Battersea Power Station set to start energy production after 37 dormant years

The chimneys of Battersea Power Station will work once more when the site starts producing energy again in 2020, three and a half decades since the factory went quiet.

The Grade II*-listed building is at the heart of a 42-acre redevelopment project that will introduce a six-acre park, a town square, a new Tube station as well as converting the iconic factory into office and residential space.

A plant within the factory will provide people and businesses in the redeveloped area with heating and cooling services starting next year.

Developers have carved out an underground energy centre the size of 60 Olympic swimming pools where gas burners will produce energy for residents in the converted station, as well as in new flats built in the surrounding area.

However, the smoke that used to plume from the site’s chimneys until it was decommissioned in 1983 will be given a healthier 21st century spin as the power plant effectively starts vaping.

Two of the plant’s chimneys will be used to release the vapour from the energy production process. The vapour will ordinarily be invisible, but test runs before its opening next year will be coloured red and blue.

Another of the power station’s chimneys will be fitted with an elevator and a viewing platform, while the fourth has not been given a new purpose.

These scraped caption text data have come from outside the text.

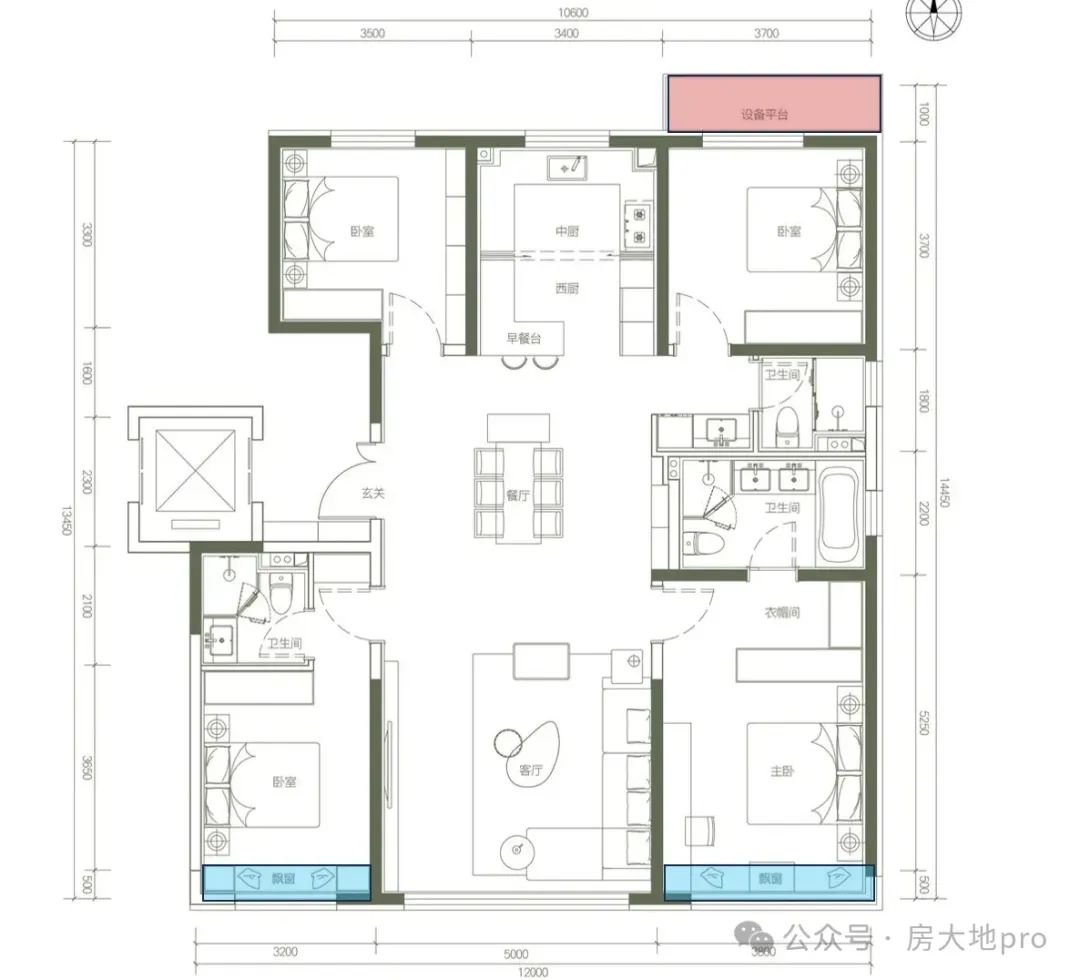 金年会金字招牌信誉至上首付百万就能拿下19号线旁+西城名校+荟聚+满配精装三居!(图17)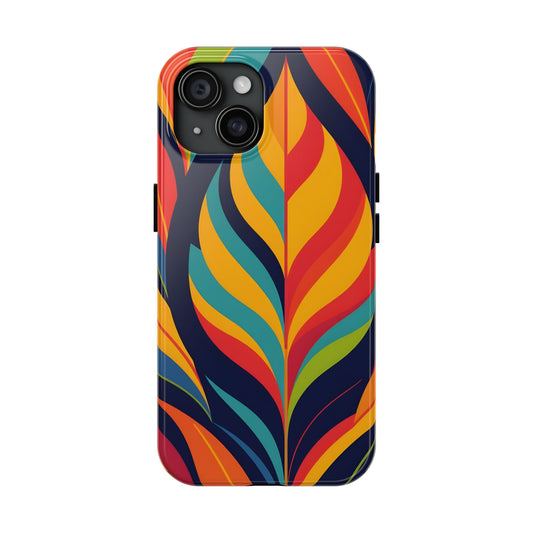 Colorful Leaf tough Phone Case, iPhone, Samsung Nature Lover Gift, Protective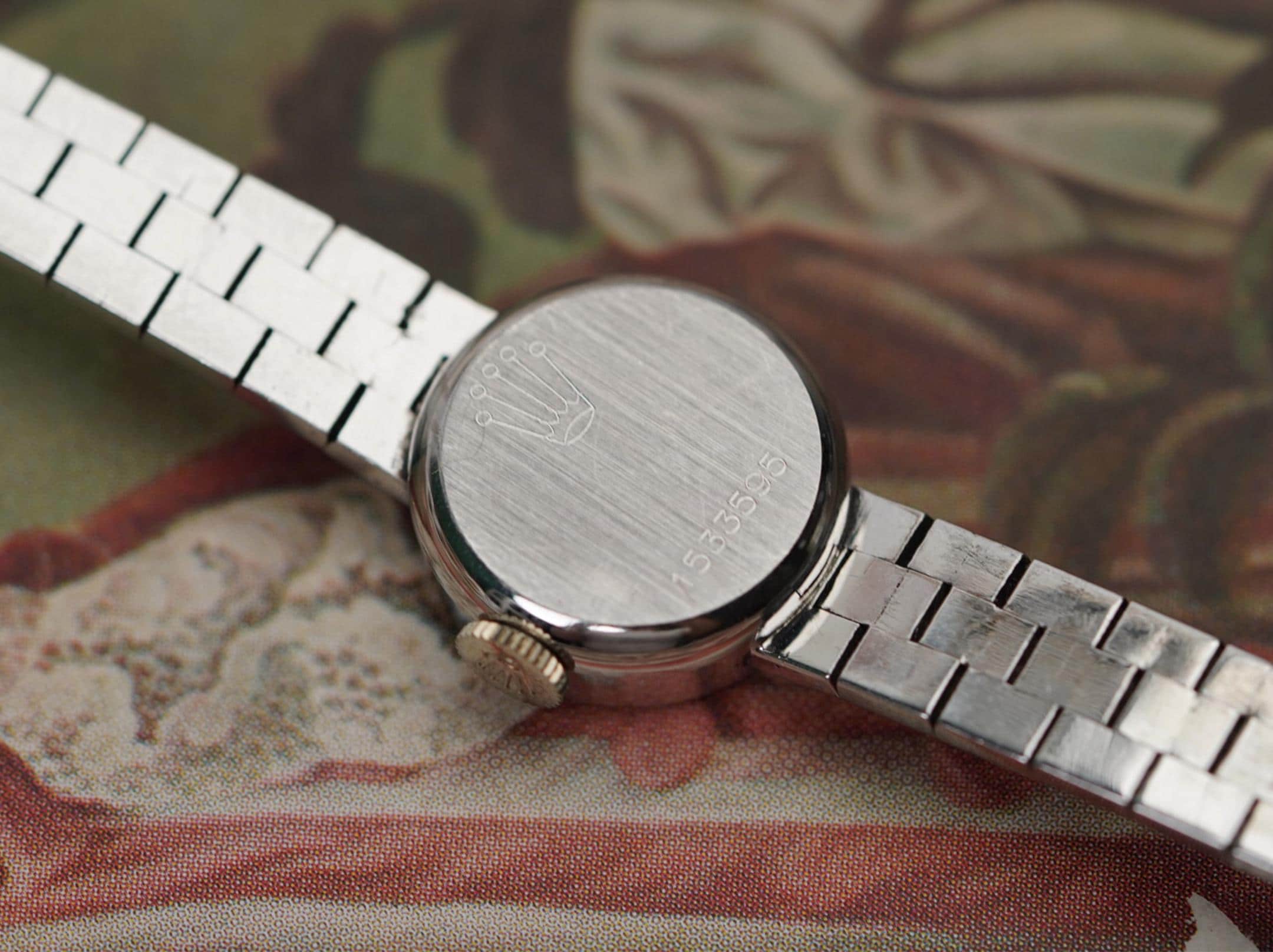 Rolex Precision 18k White Gold, Circa 1960s Vintage Rolex  display picture 2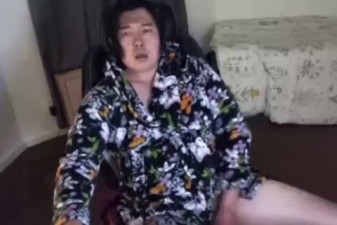 American Chinese Guy Cums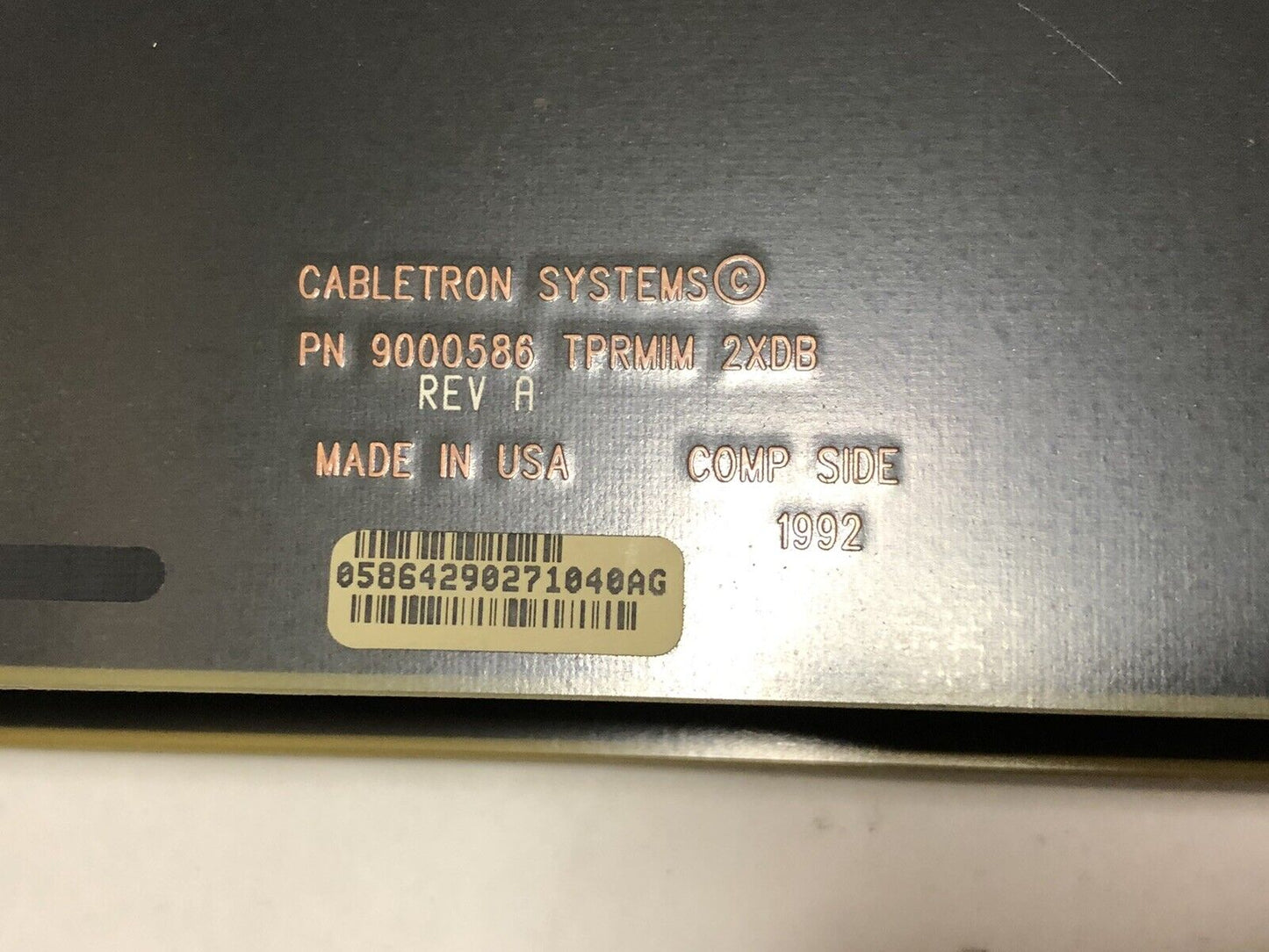 Cabletron Tprmim-22,9000586 Tprmim 2Xdb Ethernet,9000601B 20/22, Jj-45,Ej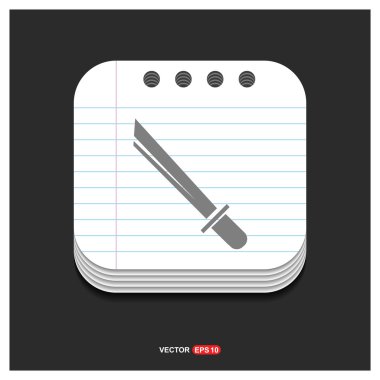 Katana kılıcı simgesi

“This energy centre will be a hugely important part of the new neighbourhood town centre at Battersea Power Station, supplying energy not only to its own community but potentially to other local residents nearby,” Gary Edwards, from Battersea Power Station Development Company, said.

Three gas-fired engines, three gas boilers, seven thermal stores and six chillers will help the neighbourhood become self-sufficient, the company said.

The process will be around 40-45 per cent more efficient than conventional power generation, reducing carbon emissions by around 5,000 tonnes per year – the equivalent of taking 1,000 cars off the road.

One famous incoming resident of Battersea Power Station, Apple, is expected to house its UK employees at the site from 2021.